2020 saw a media-jobs bloodbath
THE media industry was racked by a record 30,711 job cuts in 2020 — a stunning increase of 201 percent from a year earlier when 10,201 jobs were lost.
The figures, rolled out Thursday by outplacement firm Challenger, Gray & Christmas, included jobs data from the news industry, advertising, television and movie production.
The dismal results topped the previous all-time record of 28,802 jobs lost in 2008 at the height of the Great Recession. And cutbacks in newsrooms, whether broadcast, digital or print, accounted for more than half the losses, some 16,180 cuts.
Newsrooms from BuzzFeed to Vice began cutting back in droves when the pandemic hit in March and advertising revenue dried up.
And while publishers like Condé Nast and Meredith have reversed pay cuts unveiled last year, others have been unable to do so. For example, a steep, 23 percent pay cut at National Enquirer parent A360 Media remains in place.
Plus, very few companies appear to be adding back furloughed staff. The Challenger report found the media industry has announced plans to add back only 1,615 jobs over 2021.
Despite the first round of COVID vaccines reaching Americans in December, the nation continues to wrestle with the economic fallout of ever-rising cases. The Interactive Advertising Bureau, meanwhile, is predicting a mere 5.3 percent increase in ad spending in 2021 .
Veteran journalist Stephen Adler said he will retire as editorin-chief of Reuters on April 1 as a search begins to find a successor.
Reuters said it will begin the search “in the coming days. The post will be advertised internally and externally on the Thomson Reuters careers site.”
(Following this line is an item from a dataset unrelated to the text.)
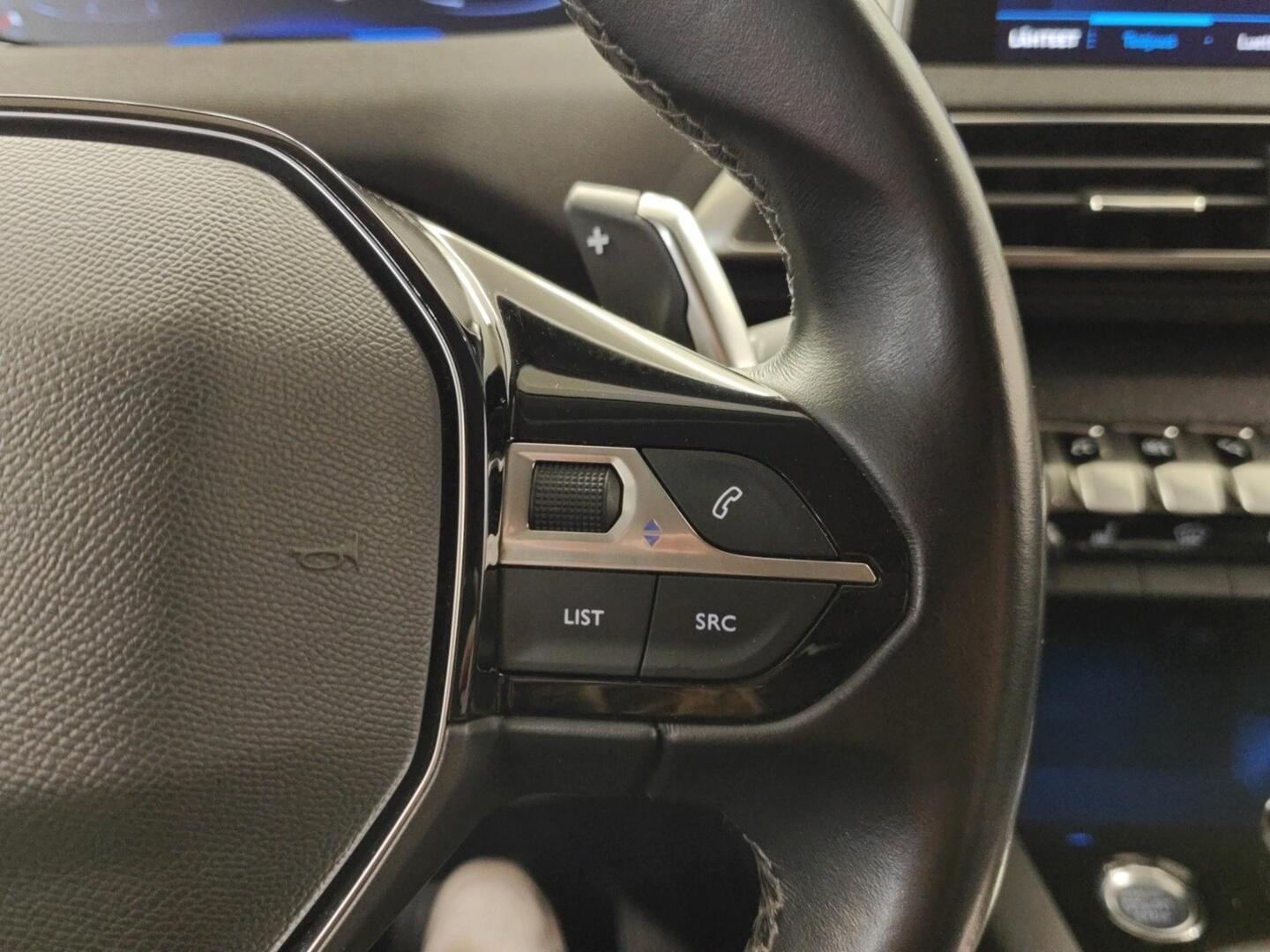 PEUGEOT 5008 2019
During his Reuters tenure, Adler won seven Pulitzer Prizes. But he also had to contend with what insiders called “monetary strain” as its news staff was downsized to its current level of about 2,500 from 3,000 when he started a decade ago — even as the world became increasingly dangerous for his network of journalists.
In 2019 he worked with humanrights activist Amal Clooney to obtain the release of Reuters journalists Wa Lone and Kyaw Soe Oo, who had been imprisoned for more than 500 days in Myanmar after having been sentenced to seven years in prison by a government unhappy with their reporting.
“Steve has at all times cared deeply about journalists,” said Reuters CEO Michael Friedenberg. “He has labored tirelessly for the safety and freedom for journalists in custody or under risk.”
Adler’s departure is just the latest recent high-level editor’s job to open up. Norm Pearlstine stepped down as LA Times executive editor, and speculation continues to swirl that Marty Baron may soon leave his top job at The Washington Post. There’s also still an editor-in-chief opening at the Huffington Post, which was acquired by BuzzFeed, and at Vox, whose editor-in-chief left to start a non-profit site.
Adler in 2010 jumped from BusinessWeek, where he was editor-inchief, to Thomson Reuters as a senior VP and editorial director of its professional division before being elevated to the top Reuters newsroom role a year later. Earlier in his career he was a reporter and editor at The Wall Street Journal.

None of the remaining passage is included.